Damon Albarn lo conoscete tutti per essersi prima leccato il ciuffo biondo davanti alle ragazzine inglesi di primi anni ‘90 e poi per essere diventato un cartone animato.
Beh, oggi l’unico modo per farselo venire in mente è cantando la canzoncina che lo cita in prima persona: “Robin Hood, Little John e Damon Albarn van per la foresta/ Ed ognun con l’altro ride e scherza come vuol/ Son felici del successo delle loro gesta/ Urca urca pirulero oggi splende il sol…”.
Sì, come sicuramente avrete immaginato il nome “Damon Albarn” è stato aggiunto di recente alla canzoncina sopracitata, oltretutto fottendosene della metrica, che è ora andata inesorabilmente a puttane. Lo posso dire puttane? Si?
Ma un torto del genere ad una canzoncina tanto carina non lo si fa per ridere. No, proprio no.
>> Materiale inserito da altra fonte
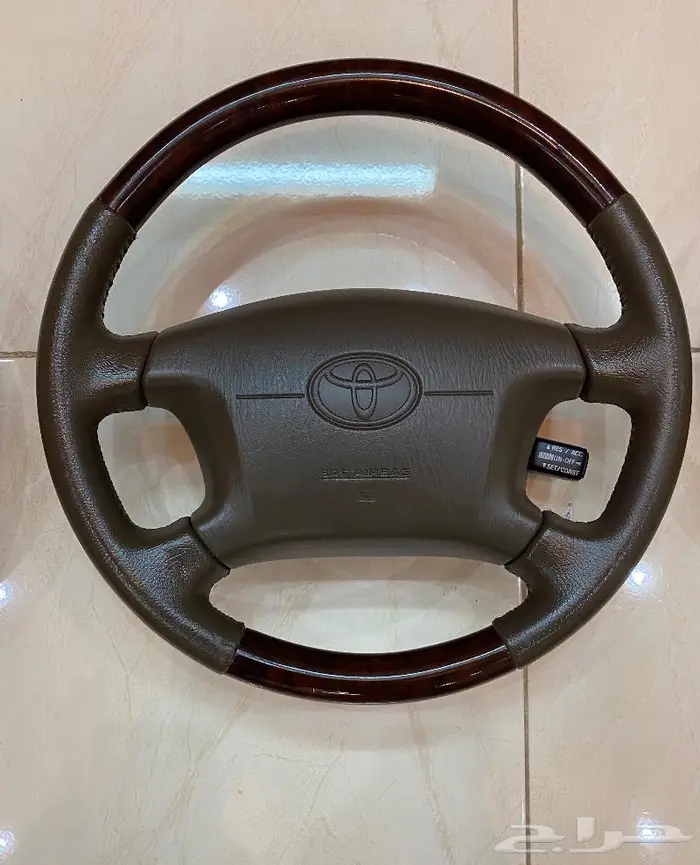 طارات كامري 98 الى 2002 40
Anche perché non si riesce a cantare.
Si fa un torto del genere per denunciare un fatto: Damon Albarn è impazzito completamente, cadendo dalle scale, forse, sbattendo la testa, rotolando sul mento, forse, scrivendo un diario quotidianamente.
Forse domani scriverà un romanzo ma oggi ha scritto un’opera o meglio, una misera operetta di stampo elisabettiano interamente ispirata alla vita di John Dee, matematico astrologo e “mago” alla corte della regina d’Inghilterra, che avreste potuto vedere per intero al Palace Theatre di Manchester nel corso del mese di Luglio del passato 2k11.
E dal 7 maggio è disponibile il cd, “Dr Dee”, un 18 tracce che mancolicani.
Cerchiamo di rendere chiara la cosa: questo non è un disco di Damon Albarn, o meglio non di quello che tutti conosciamo, è fuori di sé, balla coi giullari, gioca a fare il medievale, cita Shakespeare, dice che con John Dee condivide emozioni, pensieri, e io davvero non so.
“Dr Dee” si apre coi suoni della foresta (che vi dicevo io?), che poi diventano organi e organetti, poi archi, e mi ricordo che fino a qui mi piaceva, poi tutto diventa Apple Carts un pezzo chitarra e voce con qualche incursione filarmonica e un simpatico coretto finale e così via fino a The Marvelous Dream; il singolo dell’album si può dire, un pezzo onesto, sempre caratterizzato da chitarra ,voce, più qualche strumento medievale un po’ a caso e i soliti simpatici coretti, e fin qui tutto bene.
Poi, ecco, a questo punto, Albarn si scorda cosa stava facendo, comincia Edward Kelley che è uno che canta in falsetto così allegro che davvero non me lo spiego, poi i cori più pomposi e porca vacca che davvero non me li spiego uguale, poi il filo che si perde definitivamente che ti fa pensare che Albarn si sia messo lì a tirare i dadi per scegliere l’ordine dei pezzi, poi dici no non può essere, poi The Dancing King che almeno è corta e nuovamente i suoni della foresta che ti fanno capire da dove tutto è iniziato.
Dalla foresta già, quella dove Robin Hood e Little John si divertivano, e Albarn appresso a loro a inseguirli col mandolino. Altri tempi, altre favelle, finisce il disco e non arrivo a capire il messaggio. Cosa vuoi dirci Albarn? Da dove vieni? Come cazzo ti è venuto in mente? Lo posso dire cazzo? Si?